30.     The goods sold or delivered, even if they have been processes, shall only become the property of client on full payment of the price, the interest, damages and costs. All our preliminary studies, circuit diagrams, calculations to dimension components, detailed drawings, plans, descriptions, software, software protection, flowcharts, program descriptions, CE conformity studies and certificates, models, etc. shall remain our property until payment has been made in full.

If the goods to be delivered by us shall be housed in rented accommodation, the client shall before the delivery provide us with all the co-ordinates of the lessor.

Once the goods have been received by the client, or even by the commissionee of the client, the client shall bear all risks, also for the loss or destruction of the project.

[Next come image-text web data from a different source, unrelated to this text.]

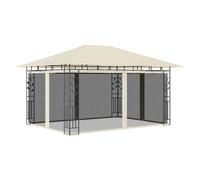 Gazebo 4x3x2.73m Cream Powder-Coated Steel Frame Polyester Canopy Mosquito Net.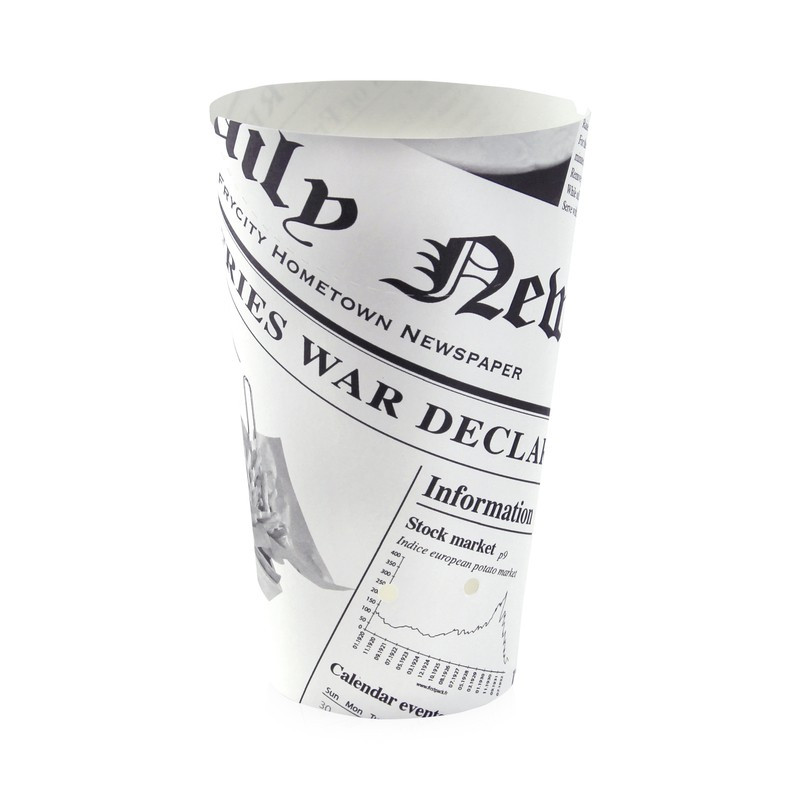 Gobelet snack refermable perforé carton blanc décor journal 480 ml Diam: 8,8 cm 8,8 x 6 x 15,7 cm x 50 unités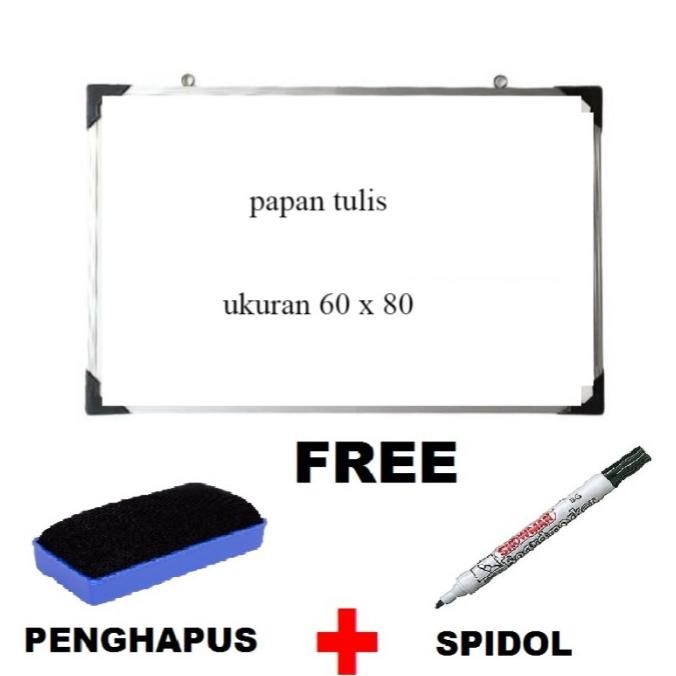 

Papan Tulis White Board Ukuran 60 x 80 - Free Penghapus+Spidol (COD)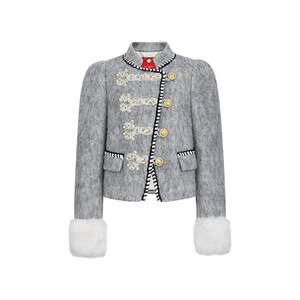 
lefame spring and autumn new Chinese style oblique-breasted military jacket small fragrant style cotton coat short high-end top for women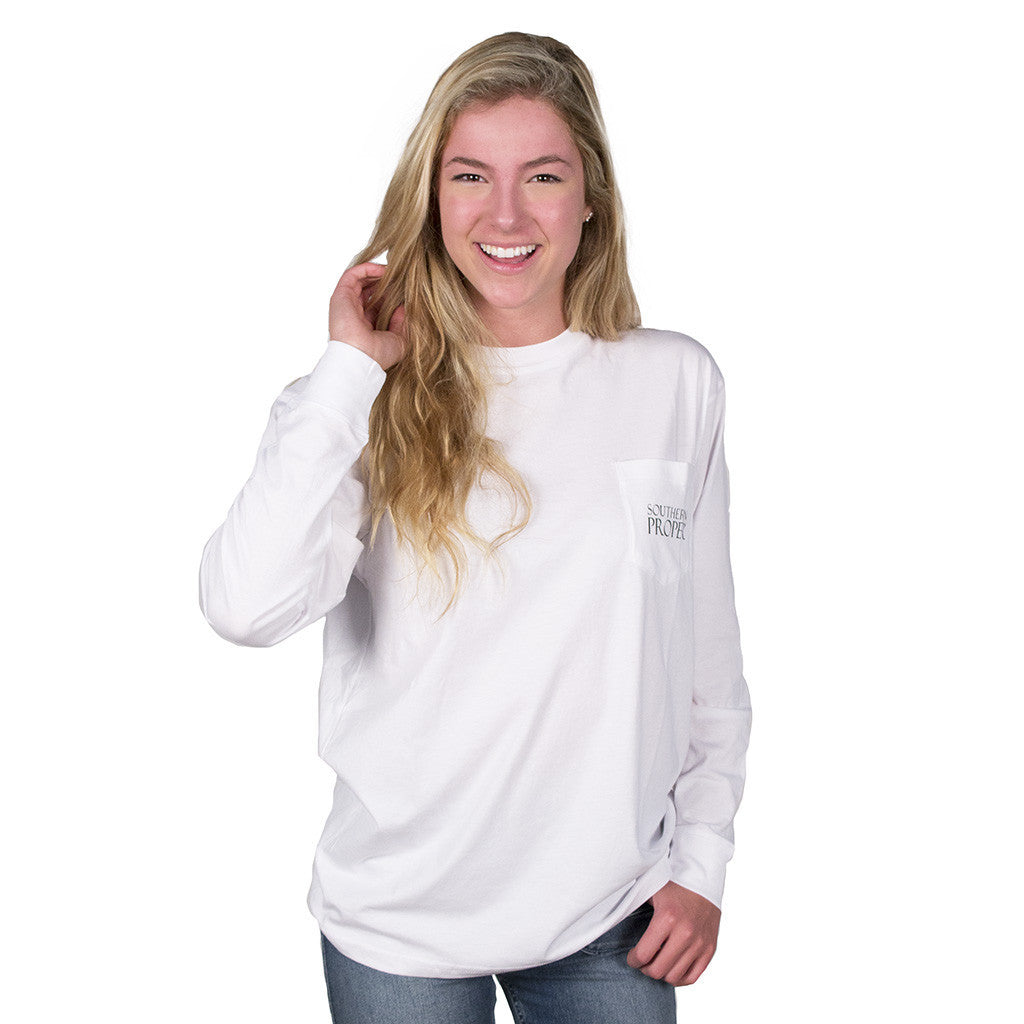 Long Sleeve Original Tee in White   - 3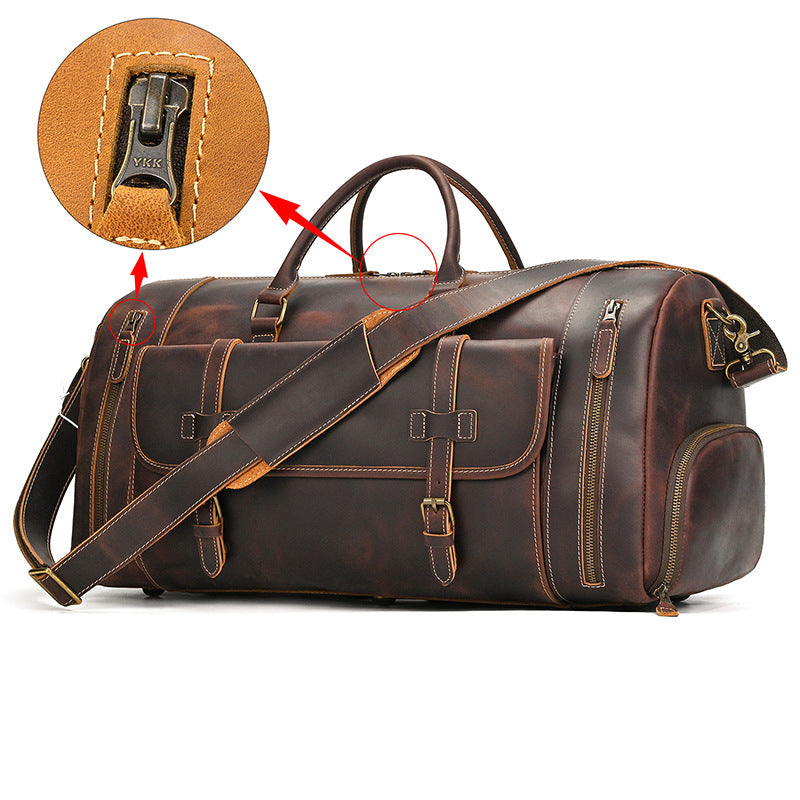 Large Capacity Crazy Horse Leather Travel Duffle with Shoe Compartment, Top Handle Shoulder Crossbody Luggage Bag for Men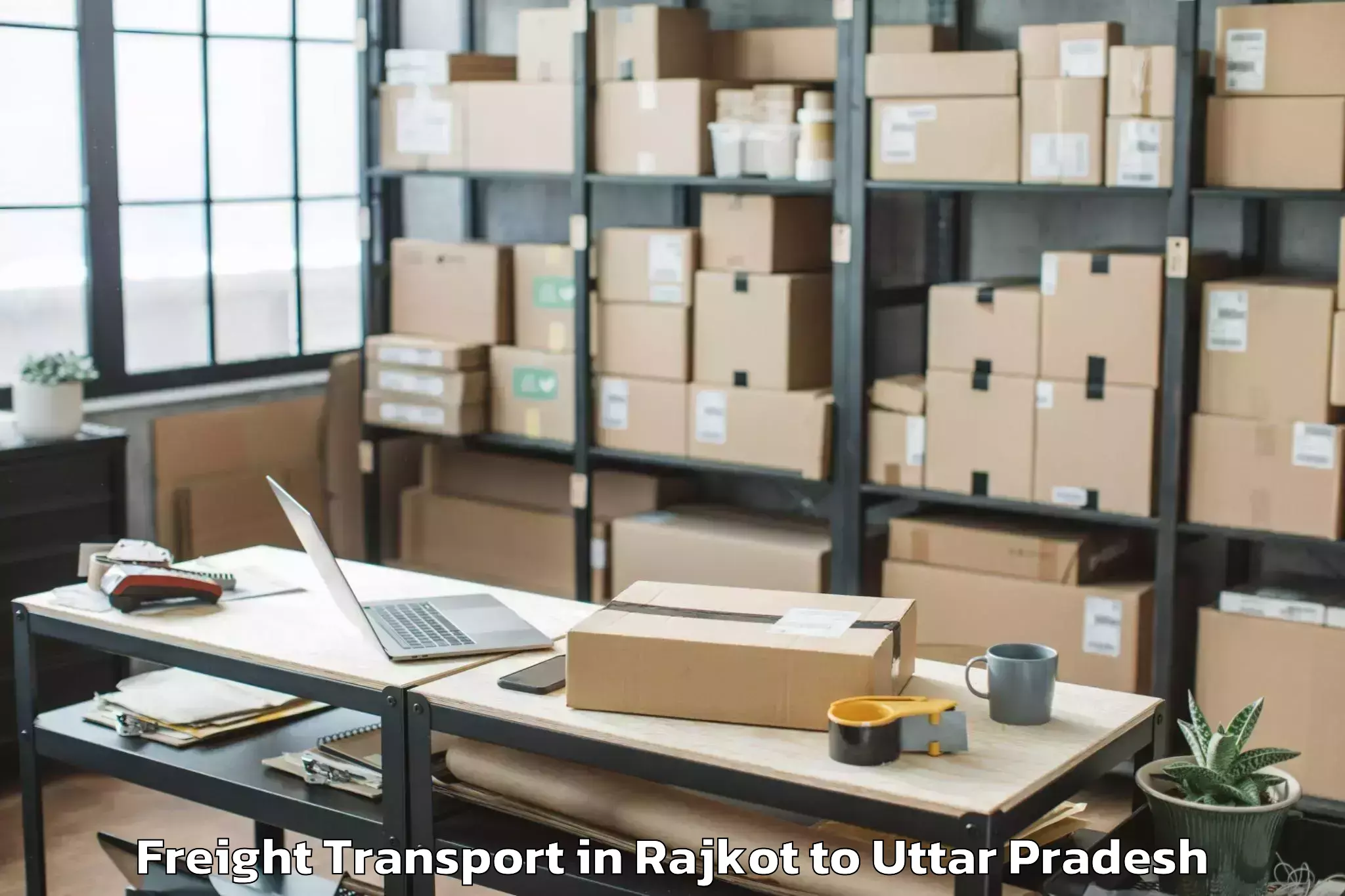 Top Rajkot to Samthar Freight Transport Available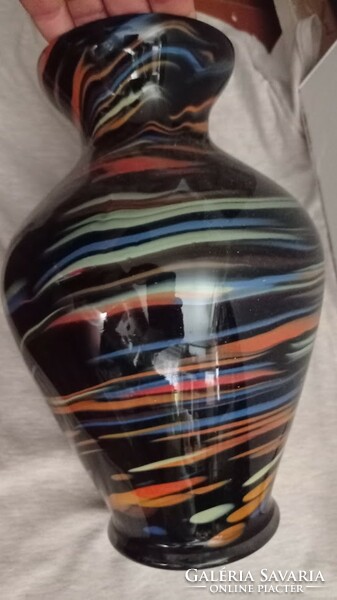 Large size, from Murano? Black glass vase, decorative glass vase
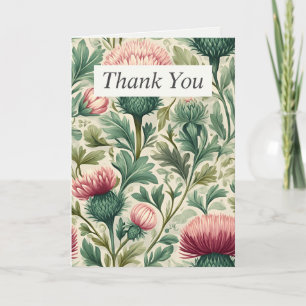 Flores de guiño rosa en la tarjeta de agradecimien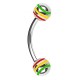Piercing arcade 26 - Acier rasta boules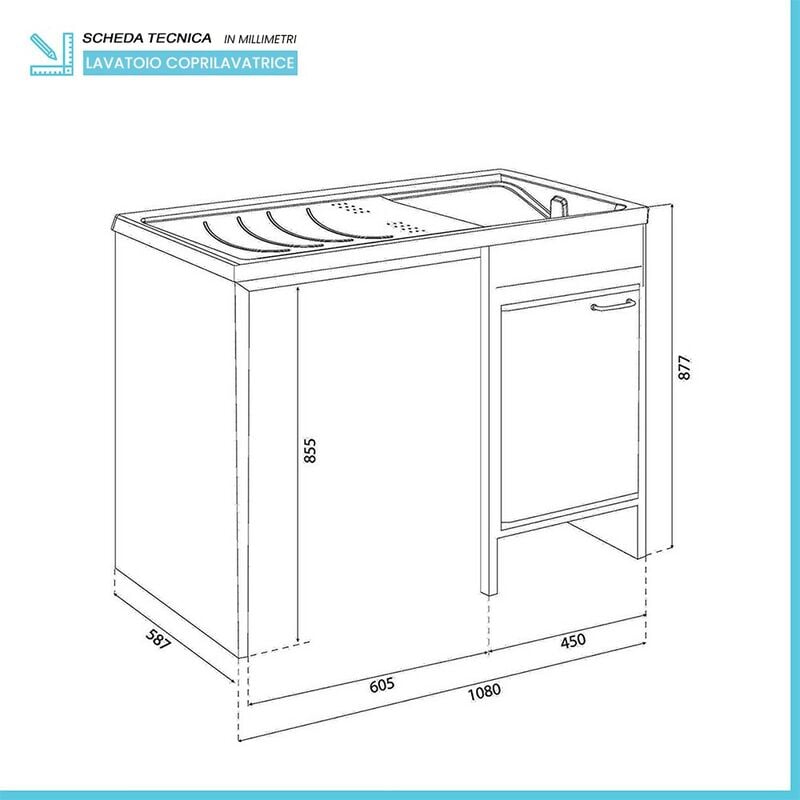 Mobile copri lavatrice 109x60 con lavatoio a destra e asse incluso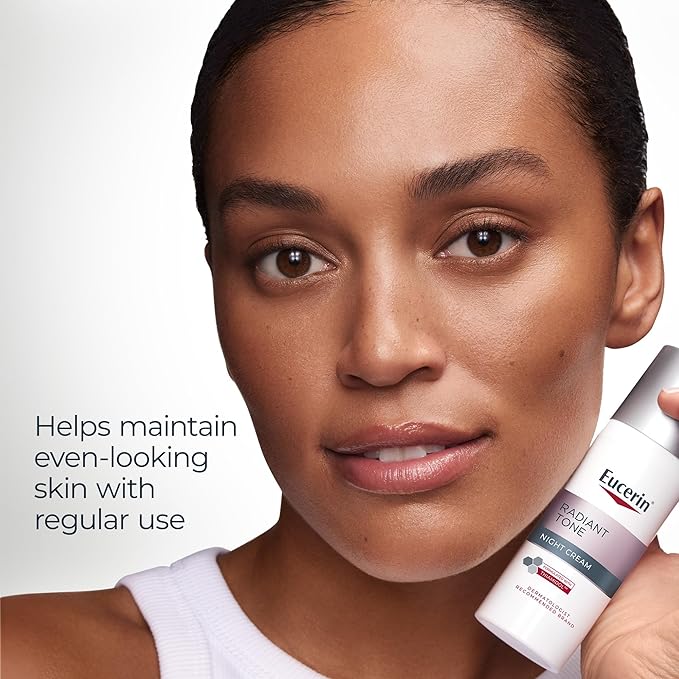 Eucerin Radiant Tone Night Cream, Dark Spot Corrector with Thiamidol, Night Moisturizer for Face Helps Visibly Reduce the Look of Dark Spots, All Skin Types, Holiday Gifts for Self Care, 1.7 Oz Bottle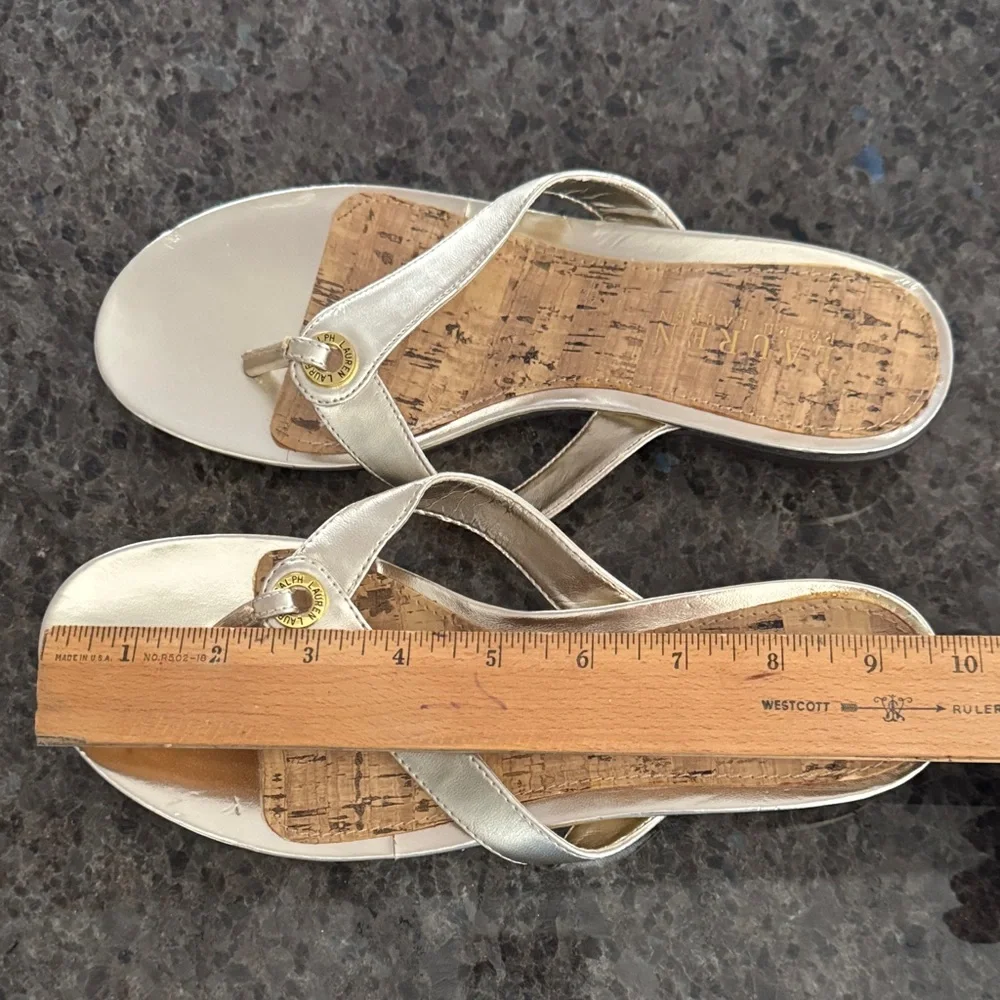 Ralph Lauren Metallic Gold Cork-Detail Thong Sandals Flip Floos - Size 8 - NWOT - Picture 7 of 7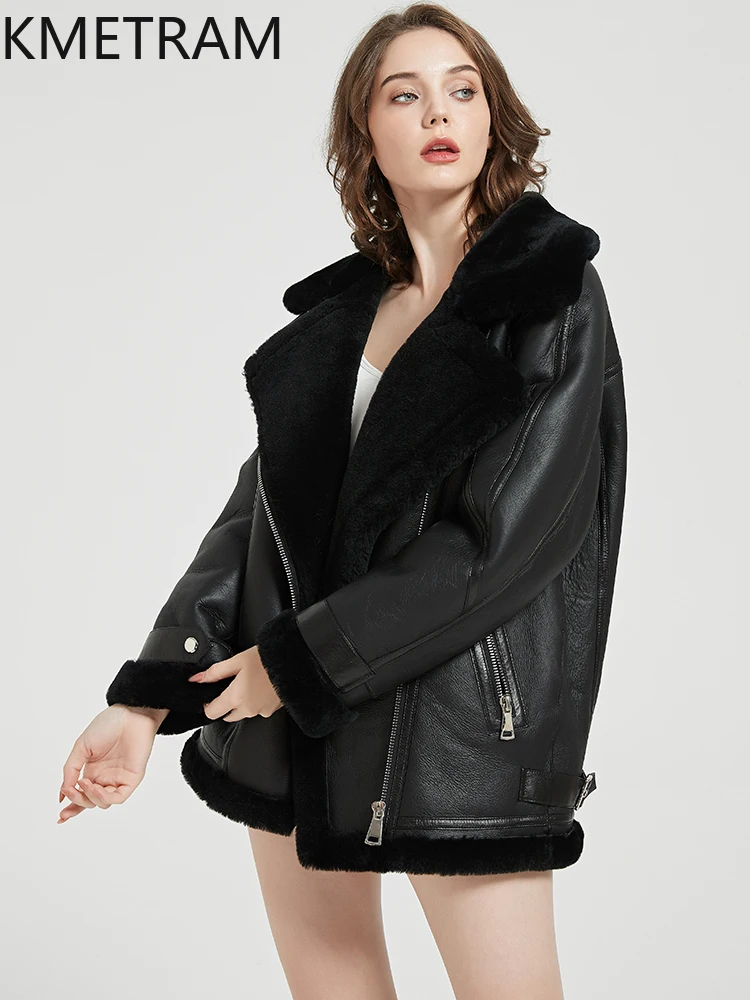 KMETRAM 100% Merino Sheepskin with Wool Atttached Fur Coat Biker Clothes 2025 Mid Length Women's Winter Jacket fourrures femmes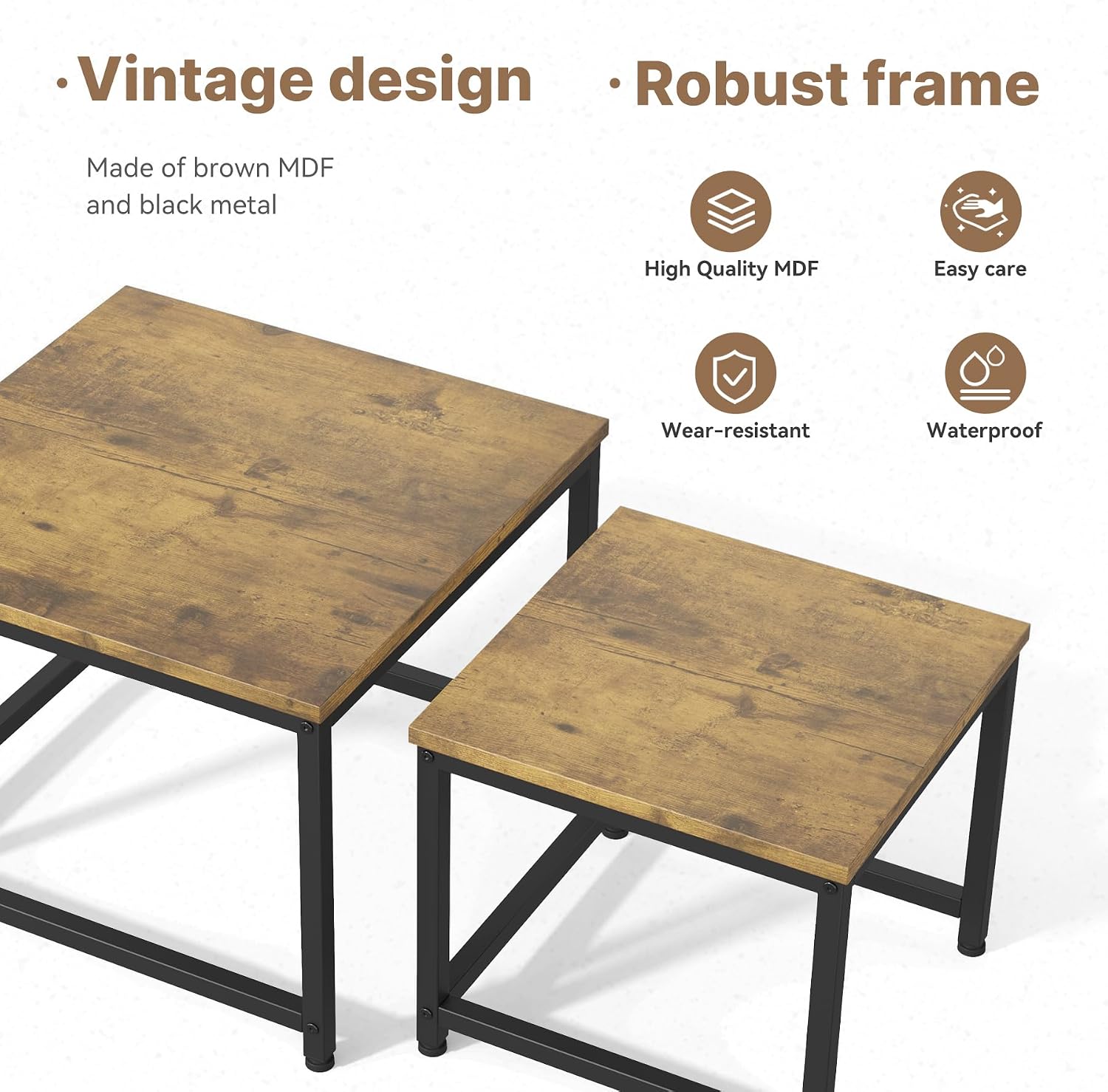 Detalle 2 de Hawthyhome Lot de 2 tables basses rondes en bois avec cadre en métal – élégance vintage pour salon et chambre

All the goods that can be disassembled without visible damage, are considered to be movable.
In case of non-payment, the client nor its commissionee may not sell, or in any way dispose of, rent, deliver, move the goods delivered by us that have not yet been paid for by the client nor make them immovable by incorporating them or mixing them with other movable goods. In case of denial after this we shall become co-owner or continue to enjoy right of pledge for the sum of our claim. The client or its commissionee shall maintain them in perfect state and shall insure them against all risks. If third parties claim the goods or seize them the client shall immediately inform us of this.

We have the right to take back the products delivered without the intervention of a court. The client and its commissionee hereby already give permission to enter the locations where the goods are and they shall indicate the goods and confirm our ownership of them

Our execution of our retention of title shall not dissolve the agreement. We have the right to sell these goods privately or by auction. The proceeds shall, after deduction of the sales costs, be offset against the client’s obligations. Any surplus shall go to the client.

31.     The client’s advance shall remain acquired by us and if necessary shall be offset against the client’s obligations.

32.     Our terms of delivery are only indicative.

33.     The term of delivery shall only start when the payment conditions have been fulfilled and when we have all the necessary information and documents to carry out the order, including our contract signed by the client, the execution plan and the licences required.

34.     The term of delivery is suspended by:

  • our annual holiday and the holidays compulsory by law;
  • delays of other (sub)contractors or suppliers which mean that our delivery cannot be carried out yet or is not useful yet – subject to our claim for damages for disruption of our planning;
  • changes to the order made by the client;
  • our delivery of a trial piece until it is approved by the client.

35.     The client waives its claim to damages or dissolution of the agreement, even if we have undertaken to pay damages due to exceeding the term of delivery, if:

  • the delay or impossibility of executing the contract is due to a government order, export ban, revocation or end of a licence, force majeure, mobilisation, war, epidemic, lock-out, strike, demonstration, defects, fire, flooding, explosion, lack of the right raw material or manpower or transport, changed economic circumstances, vandalism, extraordinary weather conditions, accident and any circumstance beyond our control that affect the normal state of affairs - in which cases we also have the right to by means of a registered letter and without the intervention of a court declare the contract dissolved for the obligations that have not yet been fulfilled without any costs or compensation for both parties;
  • the client did not send us notice of default by means of a registered letter due to exceeding the term and did not grant us a reasonable term of execution;
  • the client cannot prove that it has already been able to use our products or work usefully;
  • the payment conditions were not observed by the client or the financial guarantees are not sufficient (any more).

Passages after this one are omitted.